Nakes di Papua Barat Mulai Menerima Suntikan Vaksin Ketiga
beritapapua.id - ilustrasi tenaga kesehatan. (foto : istimewa)

Pemerintah Provinsi Papua Barat mulai melaksanakan penyuntikan vaksin Covid-19 dosis ketiga kepada tenaga kesehatan. Pelaksanaan vaksinasi ke tiga untuk tenaga kesehatan ini sudah mulai terlaksana di Rumah Sakit Umum Daerah (RSUD) Papua Barat di Manokwari, Senin (09/08/21).

Para tenaga kesehatan akan mendapatkan booster dosis ketiga vaksin Covid-19 menggunakan produk vaksin dari Moderna.

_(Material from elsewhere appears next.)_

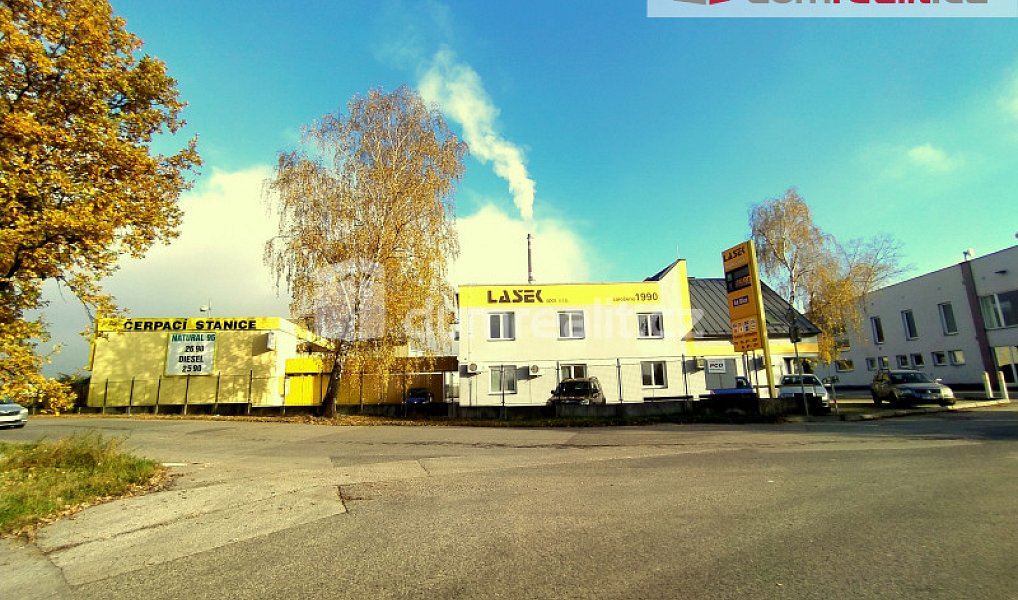 Pronájem skladovacích prostor 1 m², České Budějovice – náhled fotky 5
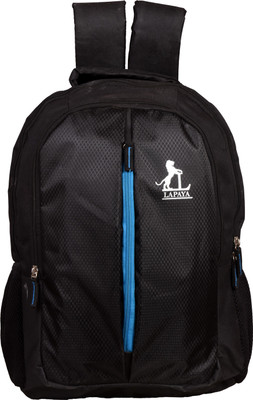 

Lapaya-Mody MN-Lapaya-mody-BG34black-1 25 L Backpack(Black)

Direktur RSUD Papua Barat, Arnold Tiniap mengatakan, tenaga kesehatan menjadi prioritas dalam pelaksanaan vaksin booster tersebut. Ini adalah langkah agar para tenaga kesehatan lebih tenang saat bekerja menangani pasien Covid-19.

“Para nakes (tenaga kesehatan) jadi prioritas penerima vaksin booster atau vaksin yang ketiga dengan Moderna agar nakes terlindungi dan mereka bisa bekerja dengan tenang melayani pasien,” kata Direktur RSUD Papua Barat Arnold Tiniap.

Menurut Arnold Tiniap mengatakan bahwa ada sekitar 9.000 tenaga kesehatan yang menjadi sasaran penyuntikan dosis ketiga Covid-19 tersebut. Jumlah tersebut tersebar di 13 Kabupaten dan Kota di Papua Barat.

Ia mengatakan bahwa Pemerintah Provinsi Papua Barat sudah menerima sebanyak 570 vial vaksin Moderna.

Namun stok yang ada sekarang akan khusus untuk diberikan kepada dosis tenaga kesehatan. Karena memang tenaga kesehatan harus jadi prioritas dalam pemberian vaksinasi dosis ketiga ini.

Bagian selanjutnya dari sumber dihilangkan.